* [WORK ITEM] In this exercise, the entries below include pictures. Repeat exactly the lines from the line with "Also, if you" to the line with "Hello guys, how", including both, but without the pictures.

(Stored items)

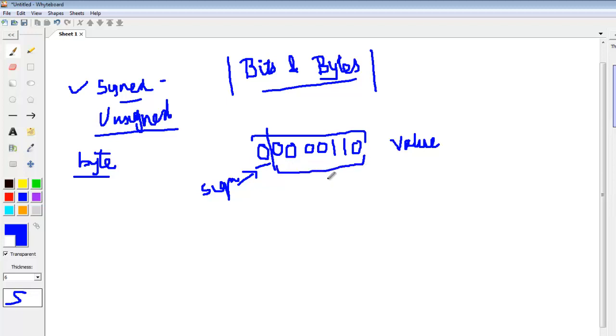This is the difference between a signed and unsigned variable. In case of a signed variable, the extreme left bit gives the sign of the variable and the 7 bits contribute to the value of the variable. Whereas for an unsigned variable, every variable is considered positive and every bit will contribute to the value of the number.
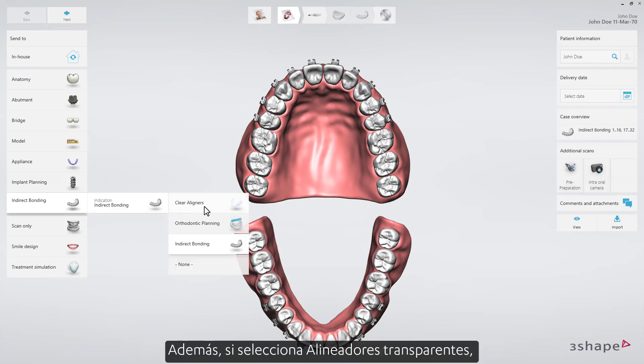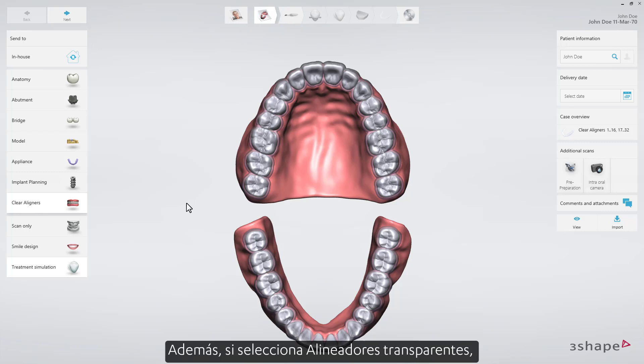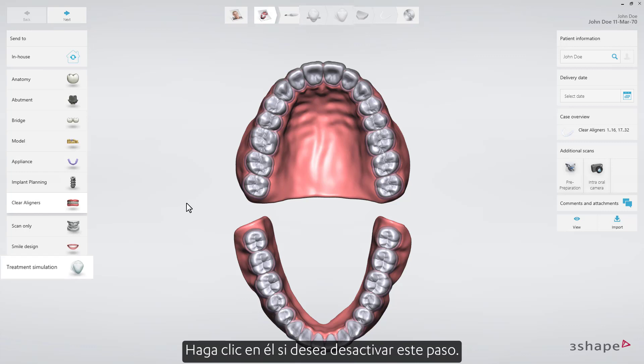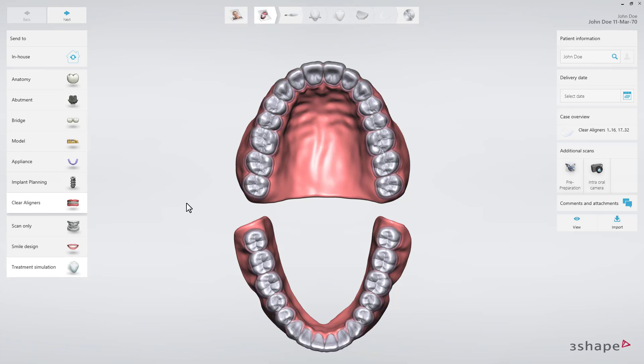Also, if you select Clear Aligners, the treatment simulation in the order form is selected by default too. Click it if you want to disable this step.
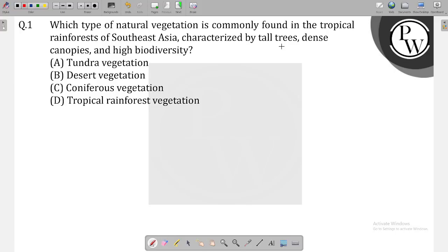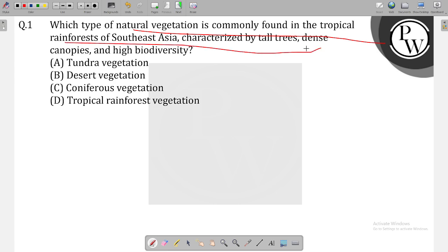Hello guys, how are you? All of you are very good. First, I am very happy to have a question. Which type of natural vegetation is commonly found in tropical rainforest of Southeast Asia?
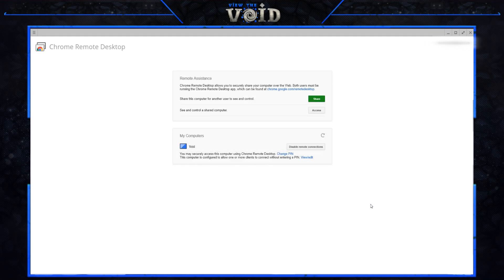Now we're ready to demonstrate. Go to whatever app store you have — whether you're on an iOS or Android device — and download the same application: Chrome Remote Desktop. Once you open the app, it'll ask you to sign into the same Google account. It's important that you use the same Google account to sign in.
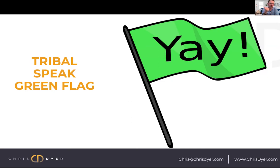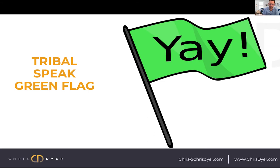We don't track it, we don't bonus on it, we don't give promotions based on it. I have no idea how many green flags any one person got throughout the year. It's purely a thank you. The green flag idea alerts everyone that we're praising someone, saying thank you, and helping our organization move forward in a positive way.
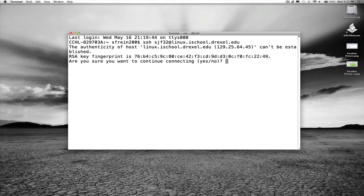It's going to give me a message about the authenticity of a host that can't be established. This is because I haven't connected to it before, so that key fingerprint you see mentioned there is something that my computer is just becoming aware of for the first time.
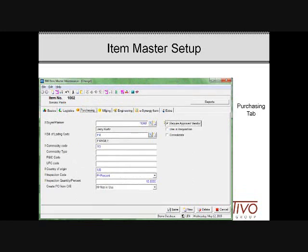The third tab of item master contains static information regarding purchasing, if an item is purchased — things like a bill of lading code, a commodity code, country of origin, and whether or not this item is inspected. There is far more detail about the purchasing requirements of a particular item on the item location screen that we'll see in a minute. This is also where you can require an approved vendor, and if so, you would use the item vendor file — that will be covered in a discussion regarding purchasing at a later date.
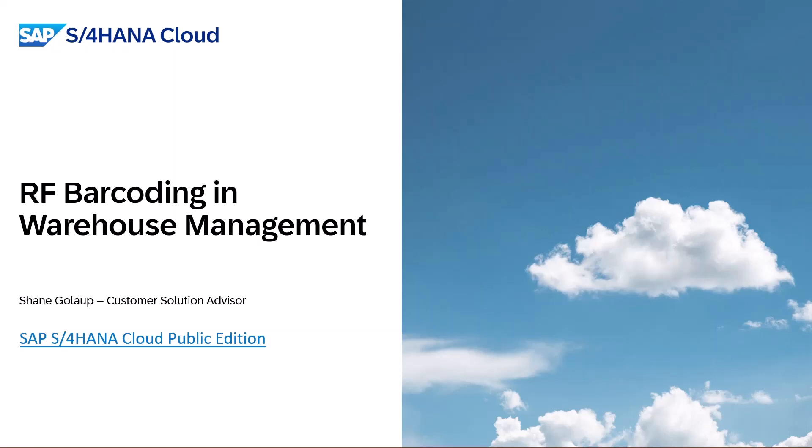My name is Shane Goddard, a Customer Solution Advisor with SAP, and this is a quick demo to showcase the native RF barcoding capabilities in warehouse management in SAP S4HANA Cloud Public Edition.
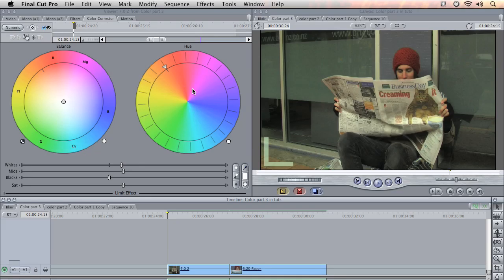G'day everyone, welcome to this final third part of our color correcting series. In this part we're just going to be looking at correcting white balance and also matching color hues between shots. And then in the very end we're going to apply a broadcast safe filter.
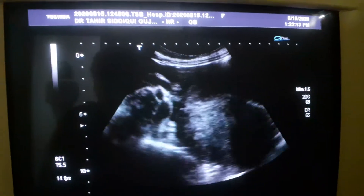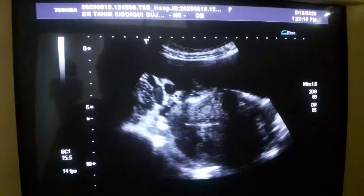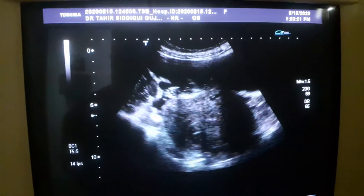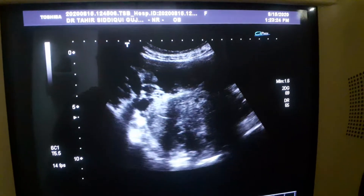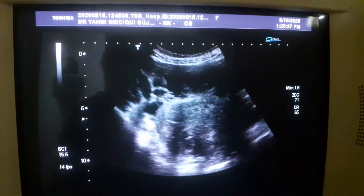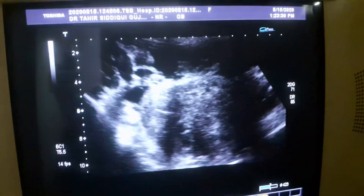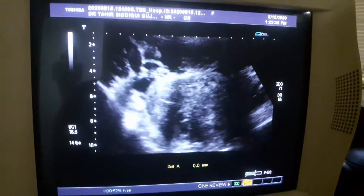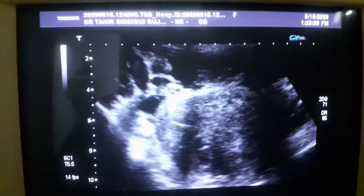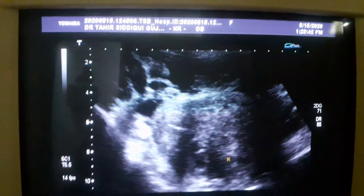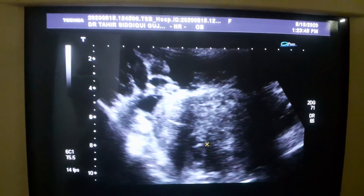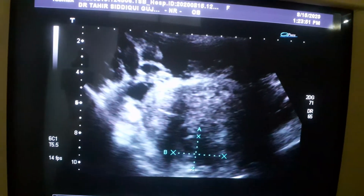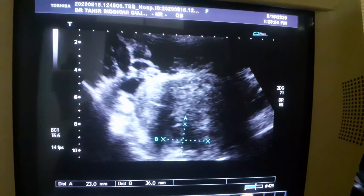This is the uterus of a 40-year-old female. You can see there is a small rounded hypoechoic area within the endometrial canal. This white line in the center is the endometrial canal, and this is a small fibroid within it, located in the posterior wall in an intramural location, measuring 36 by 23 mm.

* [WRITTEN RESPONSE]
Also, if you select Clear Aligners, the treatment simulation in the order form is selected by default too. Click it if you want to disable this step.
Hello guys, how are you? All of you are very good. First, I am very happy to have a question. Which type of natural vegetation is commonly found in tropical rainforest of Southeast Asia?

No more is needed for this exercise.